C’est le 20 mai dernier, que le Comité de règlement des différends de l’ARMDS s’est penché sur le recours. Dans ses arguments, la société Waymark Infotech soutient que » l’attribution du marché à la société Safran Morpho viole l’article 17 du décret du 11 août, car la société Safran n’est en réalité que la nouvelle dénomination de Sagem Sécurité qui a fourni au Mali l’ensemble du matériel et les bases de données qui ont servi à la mise en place du système de recensement administratif à vocation d’Etat civil (RAVEC). Il y aurait donc un conflit d’intérêt « . La requérante soutient que différentes modifications ont été apportées au dossier d’appel d’offres sans avis de la DGMP et que lesdites modifications devraient faire l’objet d’un procès verbal transmis à tous les soumissionnaires 10 jours ouvrables avant la date de remise des offres.
Aussi, la société Waymark Infotech relève » la violation de l’article 42 du décret dessus-cité par le fait que le recours à tout mode de passation autre que l’appel d’offres doit être exceptionnel, justifié par l’autorité contractante et être autorisé au préalable par la DGMP. Elle soutient enfin, qu’aucun soumissionnaire n’a eu une quelconque autorisation préalable de la DGMP « .
S’y ajoute la violation de l’article 65 qui souligne qu’en cas d’appel d’offres infructueux, il est procédé, soit par un nouvel appel d’offres, soit par consultation effectuée par appels d’offres restreint d’au moins trois entrepreneurs ou fournisseurs auxquels est adressé le dossier d’appel d’offres, et dans ce dernier cas, après autorisation préalable de la DGMP. Le Directeur des finances et du matériel du MATDAT a soutenu qu’avec » l’infructuosité de l’appel d’offres ouvert, il ne pouvait recourir à un nouvel appel d’offres ou à une consultation restreinte, compte tenu de la complexité des fournitures et de la procédure de sélection des candidats sur la base des critères objectifs liés à la nature du marché ».

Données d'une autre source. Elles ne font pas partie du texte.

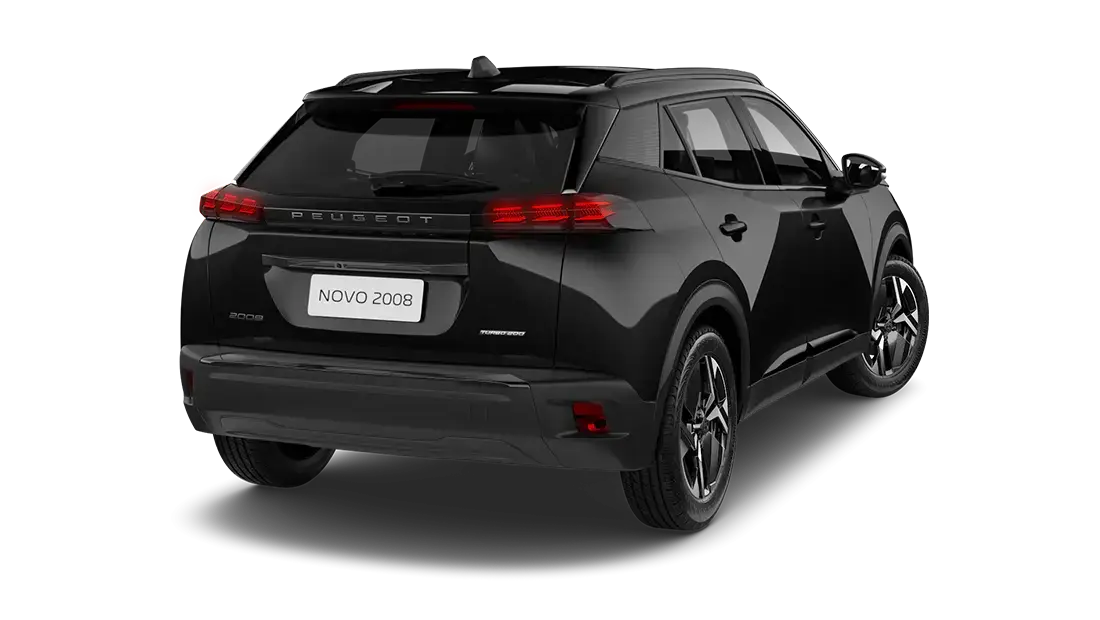 Monte seu novo Peugeot 2008
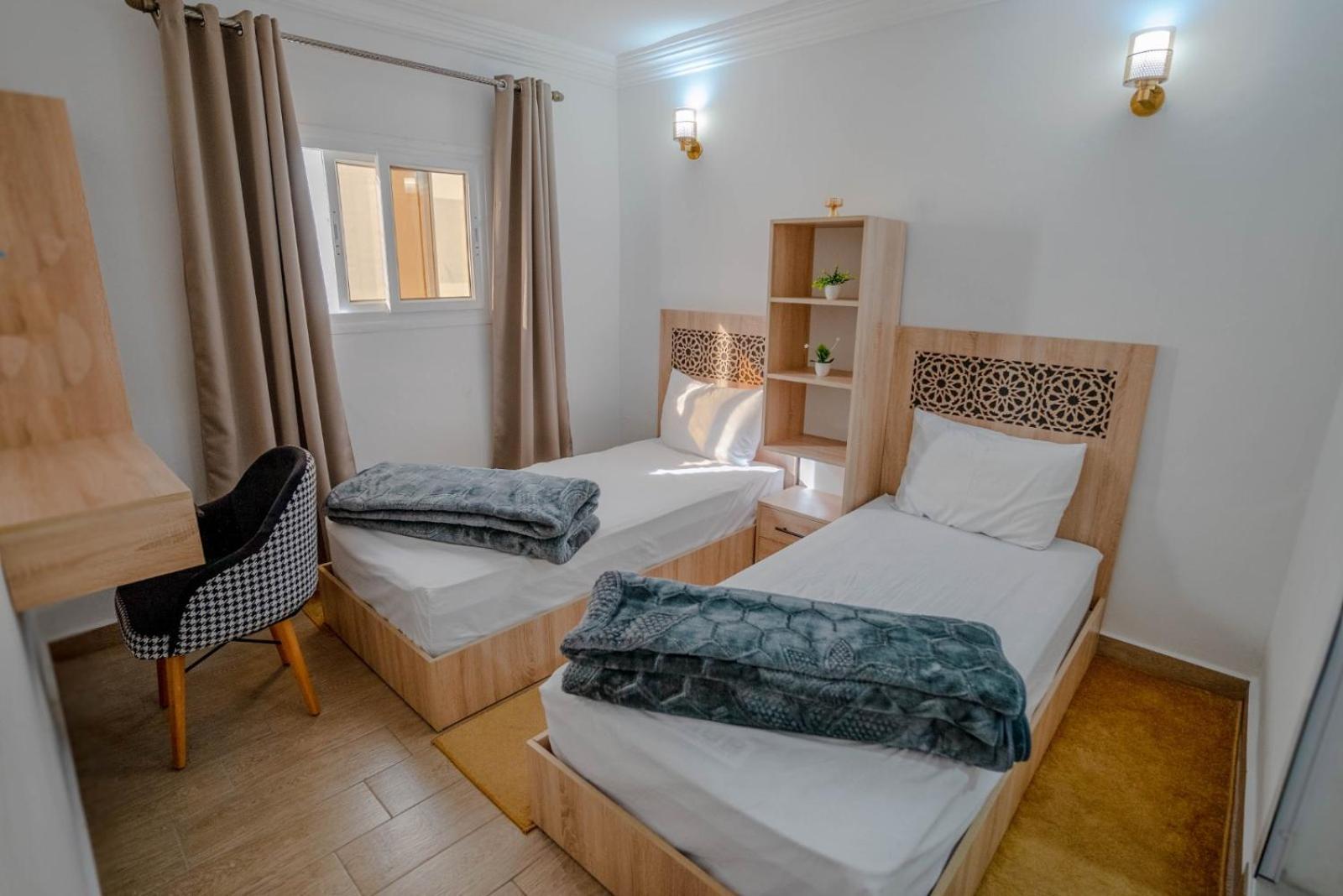 Playa Hotel & Restaurant Dakhla Zewnętrze zdjęcie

Considérant que le dossier de l’appel d’offres ouvert a été déclaré infructueux et que l’autorité contractante a directement fait recours à la procédure de passation par entente directe, sans qu’il y ait besoin d’examiner les autres moyens, il s’ensuit qu’il y a violation de la loi. En conséquence, l’ARMDS suspend la procédure de passation querellée et ordonne sa reprise conformément à la règlementation en vigueur. La décision a été notifiée aux parties prenantes. La seule inconnue est alors de savoir si le gouvernement obéira à cette décision dans la mesure où la confection de la carte NINA a déjà commencé et que le temps est désormais compter pour les scrutins à venir dont le plus proche est la présidentielle du 28 juillet.